LLM4VG:用於視頻定位的大型語言模型評估
LLM4VG: Large Language Models Evaluation for Video Grounding
December 21, 2023
作者: Wei Feng, Xin Wang, Hong Chen, Zeyang Zhang, Zihan Song, Yuwei Zhou, Wenwu Zhu
cs.AI
摘要
最近,研究人員嘗試探討大型語言模型(LLMs)處理影片的能力,並提出了幾種影片LLM模型。然而,LLMs處理影片對齊(VG)的能力,即一項重要的與時間相關的影片任務,需要模型精確定位影片中符合給定文本查詢的時間片段的起始和結束時間戳,仍然在文獻中尚不清楚且未被探索。為填補這一空白,本文提出了LLM4VG基準,系統評估不同LLMs在影片對齊任務上的表現。基於我們提出的LLM4VG,我們設計了廣泛的實驗,以檢驗兩組影片LLM模型在影片對齊上的表現:(i)在文本-影片配對上訓練的影片LLMs(簡稱為VidLLM),以及(ii)結合預訓練視覺描述模型(如影片/圖像字幕模型)的LLMs。我們提出了整合VG指示和來自不同類型生成器的描述的方法,包括基於字幕的生成器用於直接視覺描述,以及基於VQA的生成器用於信息增強。我們還對各種VidLLMs進行了全面比較,並探討了不同視覺模型、LLMs、提示設計等的影響。我們的實驗評估得出兩個結論:(i)現有的VidLLMs仍遠遠未能達到令人滿意的影片對齊表現,應該包含更多與時間相關的影片任務來進一步微調這些模型,以及(ii)LLMs與視覺模型的結合展現了對影片對齊的初步能力,通過採用更可靠的模型和進一步引導提示指令,有望實現更大的改進。
English
Recently, researchers have attempted to investigate the capability of LLMs in
handling videos and proposed several video LLM models. However, the ability of
LLMs to handle video grounding (VG), which is an important time-related video
task requiring the model to precisely locate the start and end timestamps of
temporal moments in videos that match the given textual queries, still remains
unclear and unexplored in literature. To fill the gap, in this paper, we
propose the LLM4VG benchmark, which systematically evaluates the performance of
different LLMs on video grounding tasks. Based on our proposed LLM4VG, we
design extensive experiments to examine two groups of video LLM models on video
grounding: (i) the video LLMs trained on the text-video pairs (denoted as
VidLLM), and (ii) the LLMs combined with pretrained visual description models
such as the video/image captioning model. We propose prompt methods to
integrate the instruction of VG and description from different kinds of
generators, including caption-based generators for direct visual description
and VQA-based generators for information enhancement.

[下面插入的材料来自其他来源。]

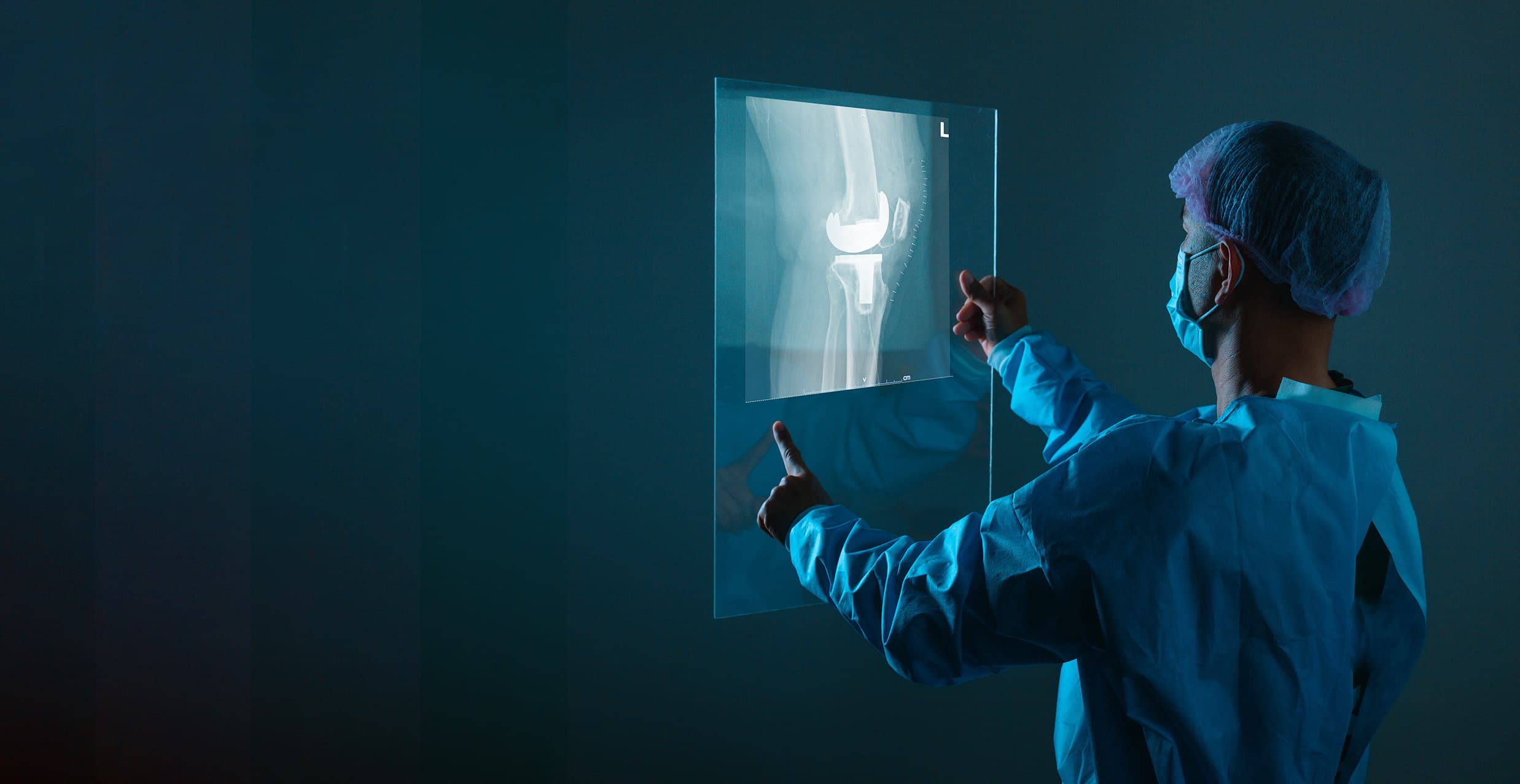 Diagnóstico e lesões associadas à artrose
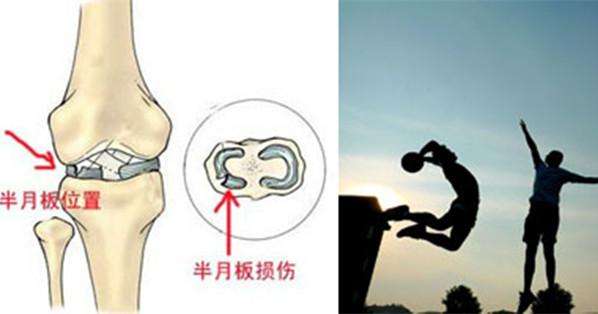 膝關(guān)節(jié)半月板損傷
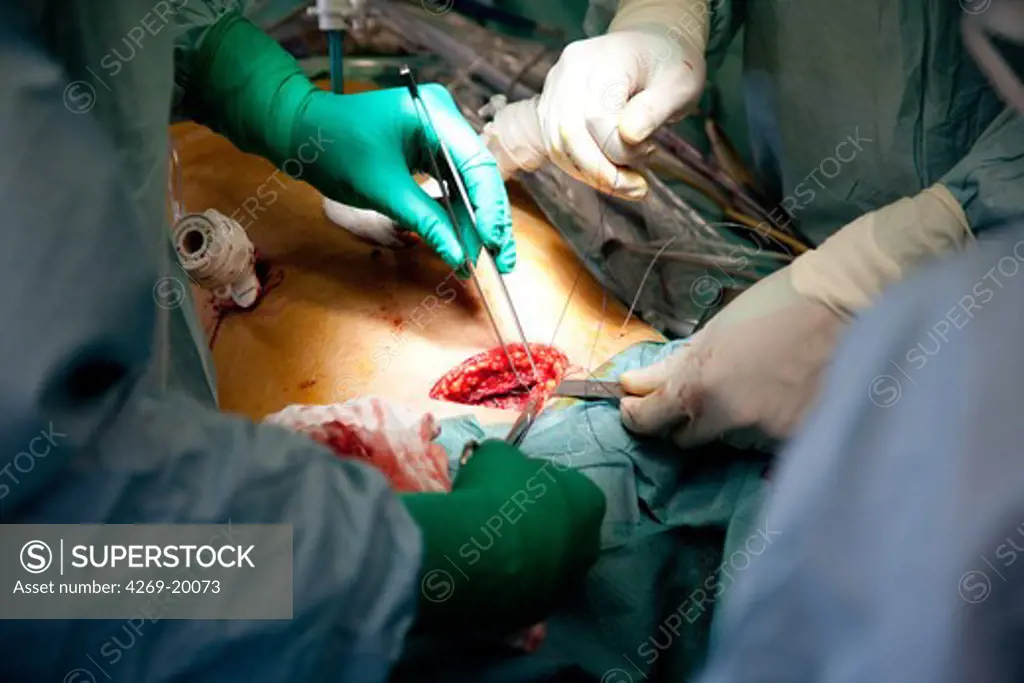 Partial removal of a liver from a living donor by laparoscopy for a transplantation. Here, stitches a the end of surgery. Department of Surgery of Pr Olivier Soubrane. St Antoine hospital, Paris.
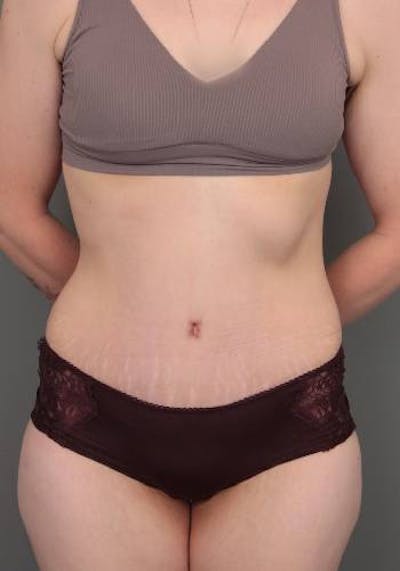 Lower Body Lift Before & After Gallery - Patient 412217 - Image 2 - Scott Chapin, MD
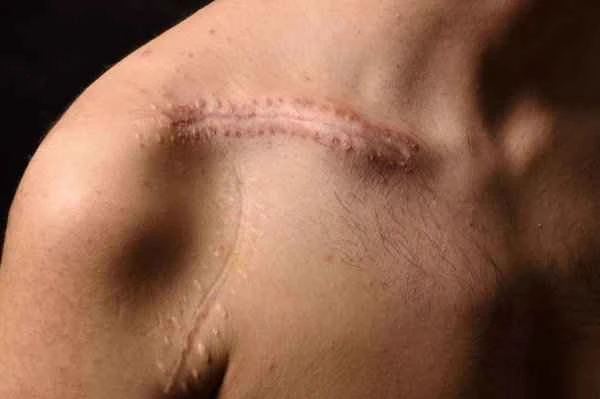 Does surgical scar hurt? How long does it take to heal?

We also provide
comprehensive comparisons of various VidLLMs and explore the influence of
different choices of visual models, LLMs, prompt designs, etc, as well. Our
experimental evaluations lead to two conclusions: (i) the existing VidLLMs are
still far away from achieving satisfactory video grounding performance, and
more time-related video tasks should be included to further fine-tune these
models, and (ii) the combination of LLMs and visual models shows preliminary
abilities for video grounding with considerable potential for improvement by
resorting to more reliable models and further guidance of prompt instructions.